目的地のことは一切忘れて、散策を楽しむことにした。そうして踏み込んだ広場の片隅にはテーブル席がいくつか存在して、そのほかにあるのは広場を囲む古い建物と細い運河だけだった。よくみると古い建物は地面に垂直に立っていなかった。広場に面した壁が後ろ側に傾いていた。経っているのが辛くなったみたいな感じだと思いながら、もしかしたら何かの理由があってこのように建てたのかもしれないとも思った。そんなことを考えながら広場を取り囲む建物を観察していたら、ふと視線を感じた。歪んだ建物の地上階に店があり、その前で煙草をふかしている初老の男性の視線だった。広場を興味深そうに眺めているが異国人に関心を持ったのだろうか。それとも胡散臭いと思ったのだろうか。と、思いついた。ようし、声を掛けてみよう。
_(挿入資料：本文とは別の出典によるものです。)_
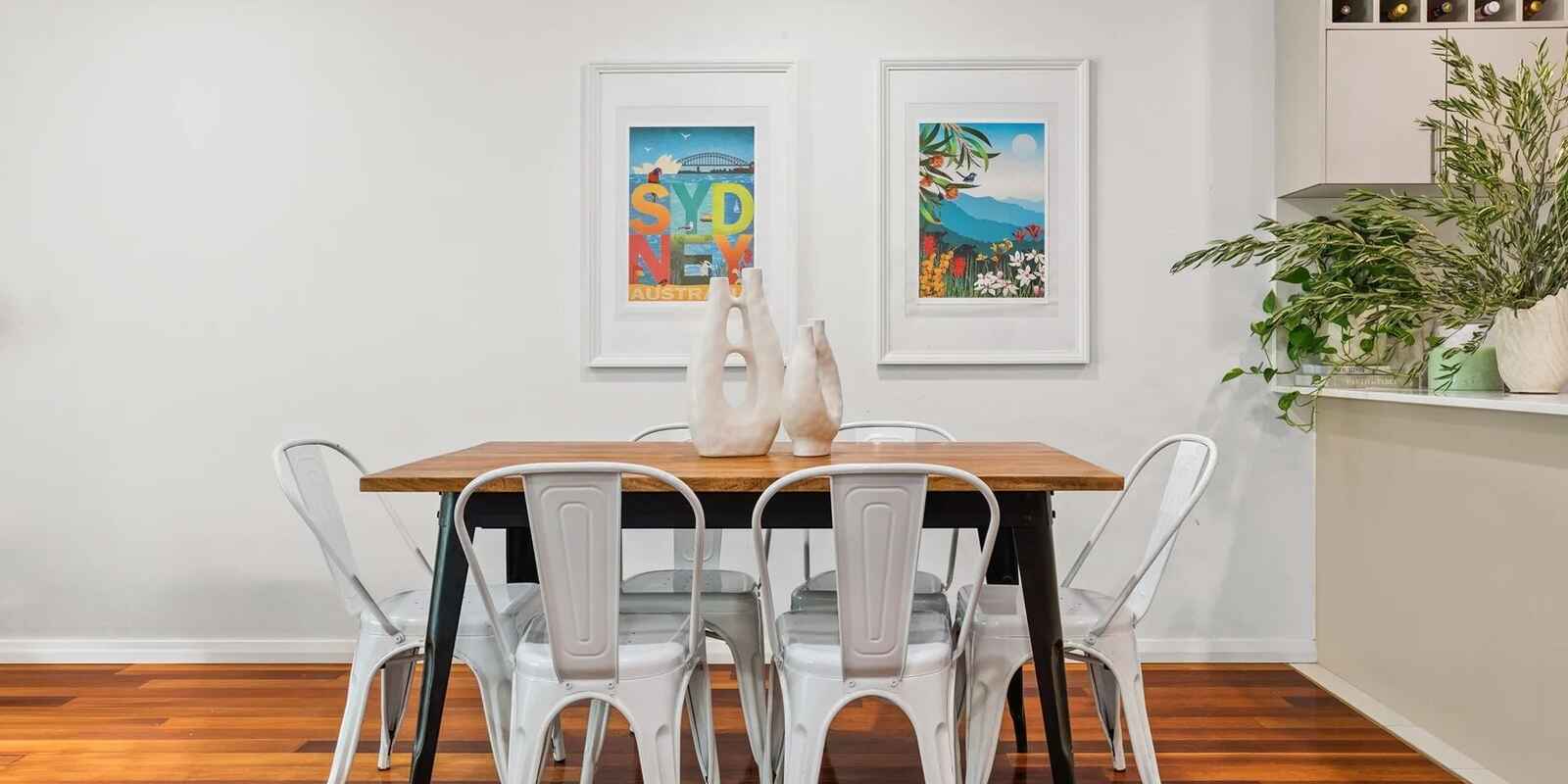 4/11 Flood Street Bondi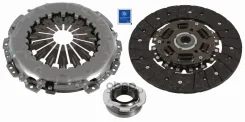 �������� ��������� Sachs ���. 3000951576 3000951576 ����
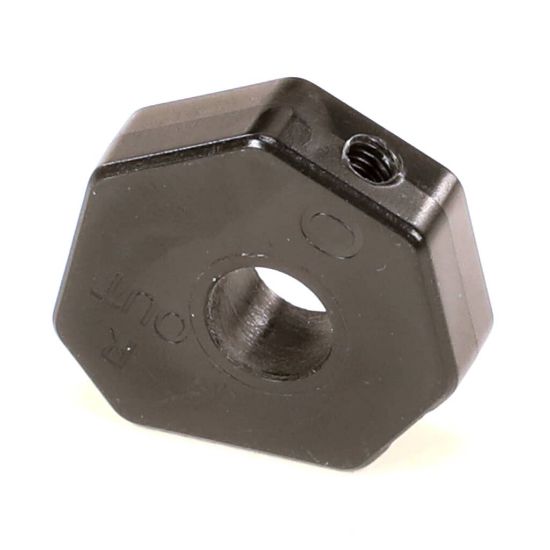 Picture of Antunes Cam Hebt Part# 2150362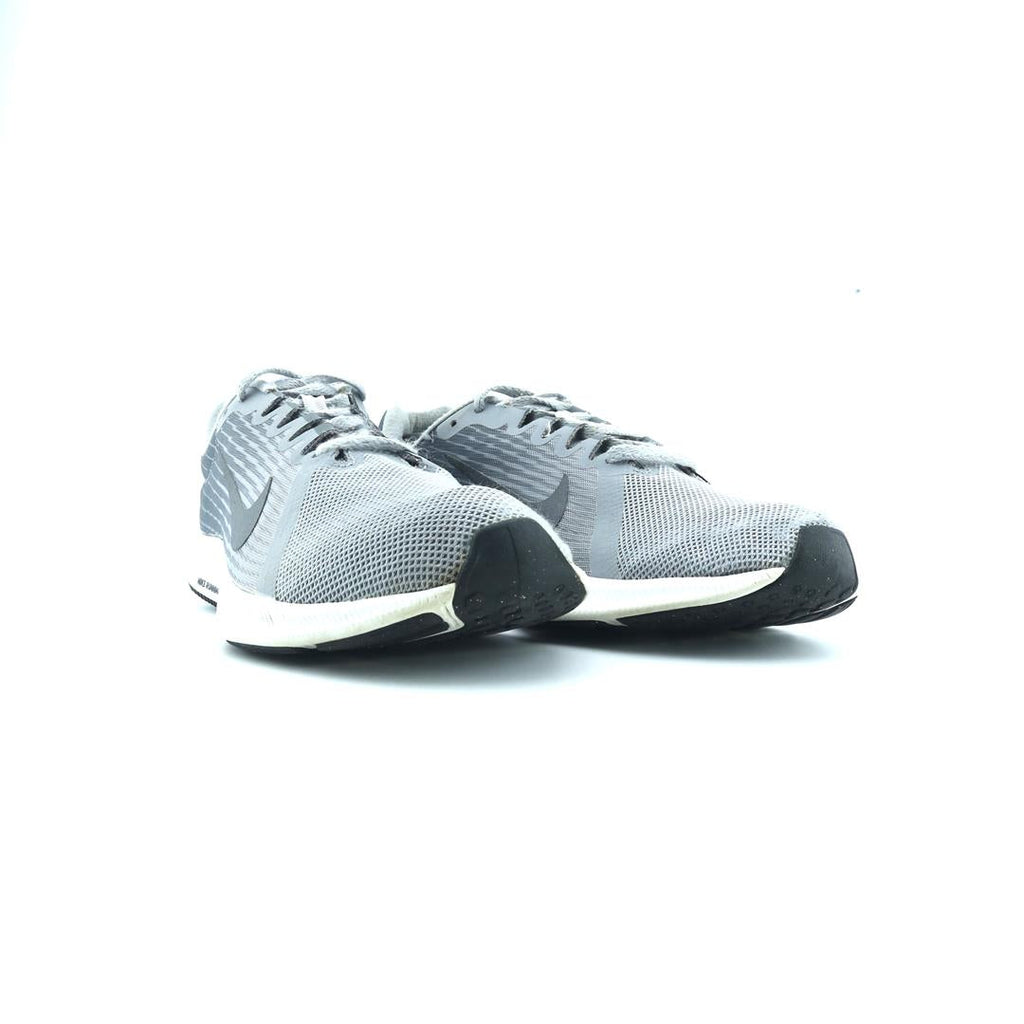 NIKE DOWNSHIFTER 8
Buongiorno! 地元の方ですか? と元気の良い私の第一声に彼は驚いたようだった。もしかしたら、私がイタリア語を話すこと自体に驚いたのかもしれない。驚きを隠さぬ声で彼は挨拶を返した。言葉のアクセントはまさにヴェネツィア人のそれで、ああ、此処は確かにヴェネツィアなのだ、と改めて思った。さて、私の疑問を投げかけてみると彼は大変喜び、色んな話をしてくれた。この建物は昔は勿論真っ直ぐ建っていたが、何しろ古いし、冬場の洪水などでこんな風になったとのことだった。古いってどのくらい古いのかと訊くと、彼は益々喜び、1300年代の建物なんだよ、この広場はヴェネツィアの中でも古い広場で、しかし旅行者はあまり足を踏み込まない、こんなに美しいのにね、と言った。私も良く喋るほうだが、彼はそれを上回る。きっとヴェネツィアの歴史などを話し始めたら一晩中話が途切れることが無いに違いない。私が道に迷って偶然この広場に辿り着いたと言うと、君は運がいい、道に迷ってこんな古い、こんな味わい深い広場に辿り着いたんだからね、と彼は言った。色んなお話を有難う、と礼を言う私、彼は黙って幾度も頷きながら店の中に入って行った。どうやら彼は店の主人らしい。彼は自分の店が入っている建物の事を訊かれて嬉しかったのかもしれない。時にはあの隅っこのカフェのテーブル席につくこともあるのだろう。彼はこの広場が大好きなようだから。

地図があっても役に立たぬ、と鞄の中に突っ込んだ。さあ、自由気ままに歩こう、と私は細い運河に掛かる橋をひとつ渡った。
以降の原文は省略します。